- Directed by: Arlene Hazzan Green
- Written by: Arlene Hazzan Green
- Produced by: Arlene Hazzan Green
- Starring: Suzanne Cyr Deborah Kirshenbaum
- Cinematography: Douglas Koch
- Production company: Artizzan Films
- Release date: 1991;
- Running time: 24 minutes
- Country: Canada
- Language: English

= Battle of the Bulge (1991 film) =

1991 Canadian short film

Battle of the Bulge is a Canadian comedy short film, directed by Arlene Hazzan Green and released in 1991. An exploration of women's body image issues, the film stars Suzanne Cyr as Victoria, a woman whose obsession with thinness results in the creation of Vanna (Deborah Kirshenbaum), a significantly fatter alter ego who shows up to taunt Victoria whenever she looks in a mirror or eats food, with their battle of wills building until breaking out into a food fight.
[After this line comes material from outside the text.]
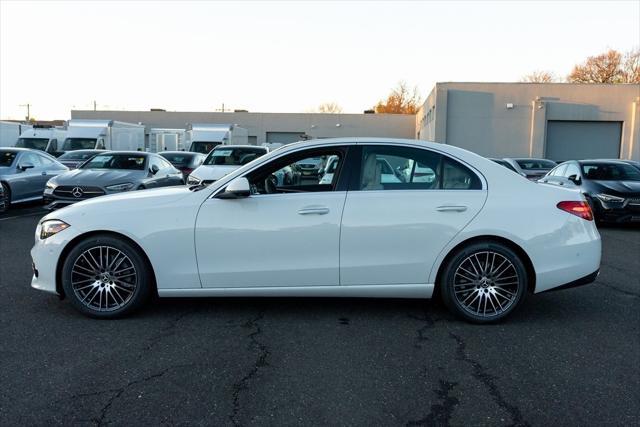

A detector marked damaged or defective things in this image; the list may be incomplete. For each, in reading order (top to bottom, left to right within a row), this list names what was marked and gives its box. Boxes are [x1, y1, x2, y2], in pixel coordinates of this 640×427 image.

cracked pavement [1, 206, 640, 424]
The film received selected film festival screenings, including winning the awards for Best Drama Under 30 Minutes and Best Script at the 1992 Yorkton Film Festival, but was distributed primarily as an episode of Global Television Network's First Time Producers Series of short films by emerging directors.

The film won the Genie Award for Best Live Action Short Drama at the 13th Genie Awards.